## What is needed:
Repeat the span of the entries below that starts at the line with "Subscription plan option." and ends at the line with "Image 1 of Brutalist", nothing more. Skip the pictures.

## Supplied data:
***

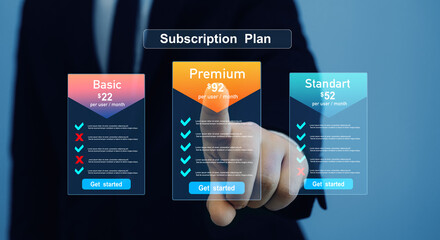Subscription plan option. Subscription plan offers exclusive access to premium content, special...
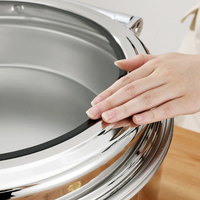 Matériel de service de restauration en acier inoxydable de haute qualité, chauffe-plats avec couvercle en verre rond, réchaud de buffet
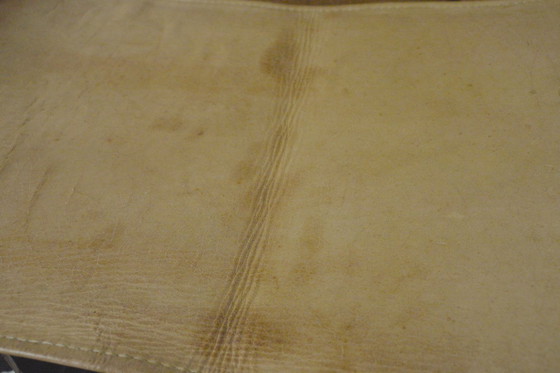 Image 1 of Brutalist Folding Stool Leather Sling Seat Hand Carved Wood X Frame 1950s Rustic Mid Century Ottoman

***

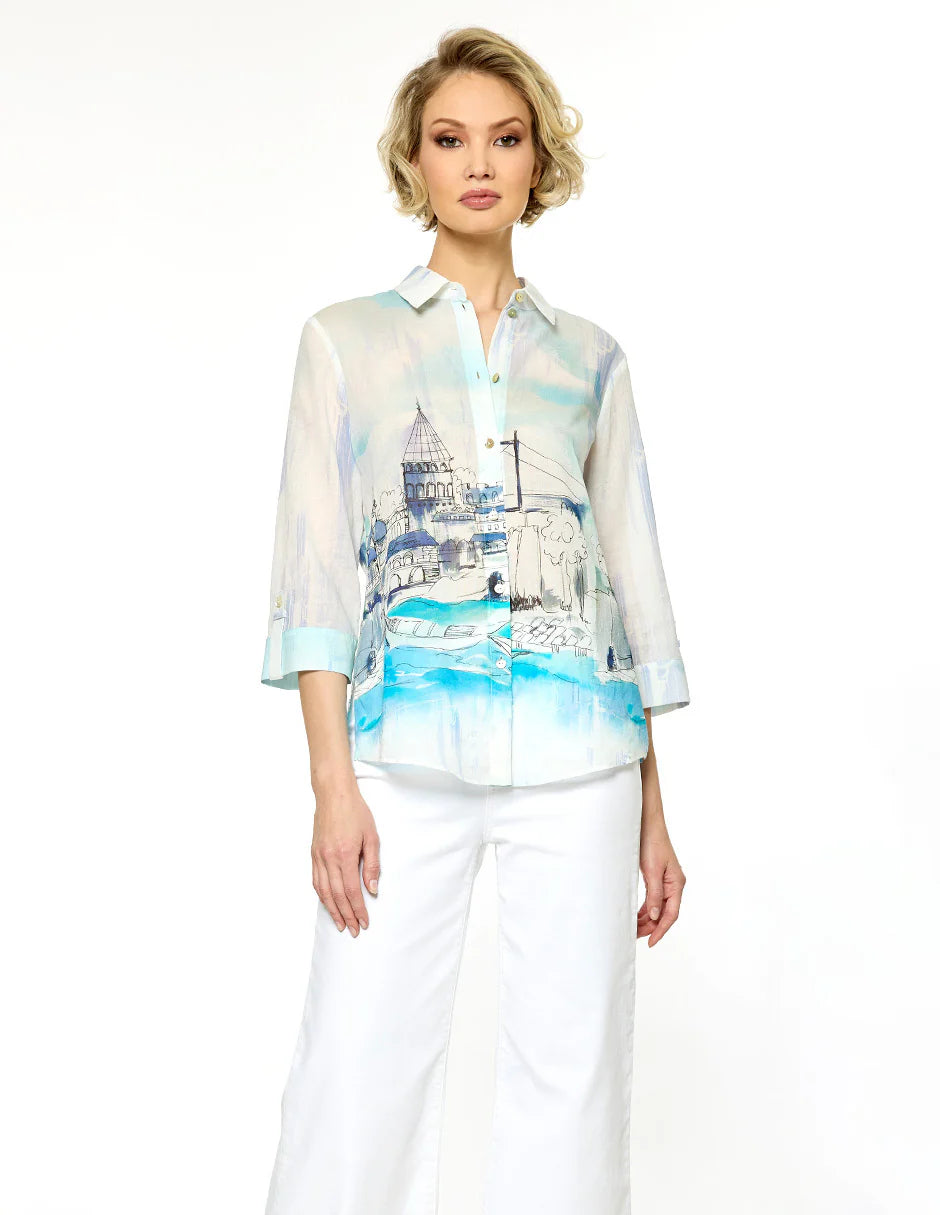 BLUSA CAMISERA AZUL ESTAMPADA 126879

***

## Reply to the task:
Subscription plan option. Subscription plan offers exclusive access to premium content, special...
 Matériel de service de restauration en acier inoxydable de haute qualité, chauffe-plats avec couvercle en verre rond, réchaud de buffet
 Image 1 of Brutalist Folding Stool Leather Sling Seat Hand Carved Wood X Frame 1950s Rustic Mid Century Ottoman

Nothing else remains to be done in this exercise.